To me, Tenebrae Semper was the horrible disappointment of Ectocomp 2010. This may seem like an outrageously unkind statement with which to open a review, but it comes from a place of love. The reason I was so disappointed is because I liked Seciden Mencarde's Forest House games, all of which were made in similarly constrained speed IF competition circumstances, and which managed to punch above those circumstances at least 70% of the time. However, it was obvious that the third Forest House game was starting to get too ambitious, and it came out buggy, holey and underimplemented. Tenebrae Semper falls further into the same pit by aiming far beyond what anyone could achieve in several hours of programming. The result is an incomplete and particularly frustrating demo for what obviously needs to be a much bigger game.

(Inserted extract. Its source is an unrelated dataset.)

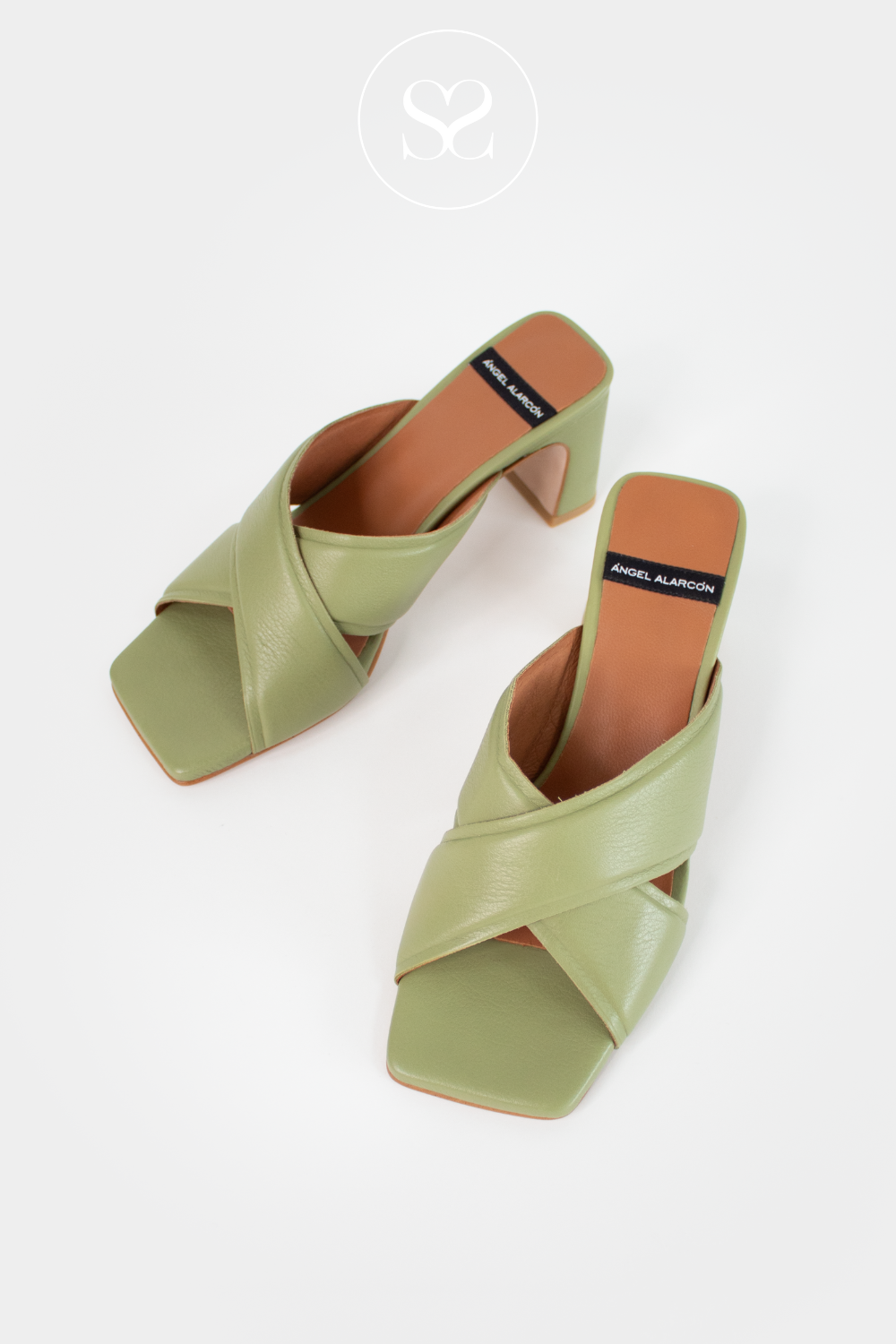 ANGEL ALARCON WANDA 25090 GREEN LEATHER BLOCK HEEL SLIP ON SANDALS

It barely brings the promised horror, either.

The PC is a college student who wakes from a dream (?) of a girl screaming when the game begins. Now it's time to get out of bed and off to class. The player's room is jampacked with furniture, books, a bookshelf, a desk, an alarm clock etc. Anything that can have a drawer in it does, and there's stuff in the drawers as well. But every third item is painted on and every second item is improperly implemented. Try and go out the north door and you'll be informed, "You don’t have all your stuff yet, and you’d better not go to class unprepared." So your goal, should you choose to accept it, is to divine which items constitute all your stuff, locate them amongst the mess and then be holding them all when you try to go through the door. Plus you've got an inventory limit which fights you as soon as you start picking up heavy textbooks. This scene was probably intended to be a breezy, realistic start to the adventure, but comes on more like an agonising puzzle from Hitchhiker's Guide. Suffice to say, it is extremely difficult to leave the room.

If escape is achieved, further problems come thick and fast. It's usually unclear what you're meant to be doing. Characters don't express surprise at surprising stuff, like supernatural shenanigans or teleporting books. The exit lister is broken. Room descriptions don't seem to print automatically.

Ultimately the game doesn't go anywhere, and it has, for the time being, squandered the truly awesome title of Tenebrae Semper.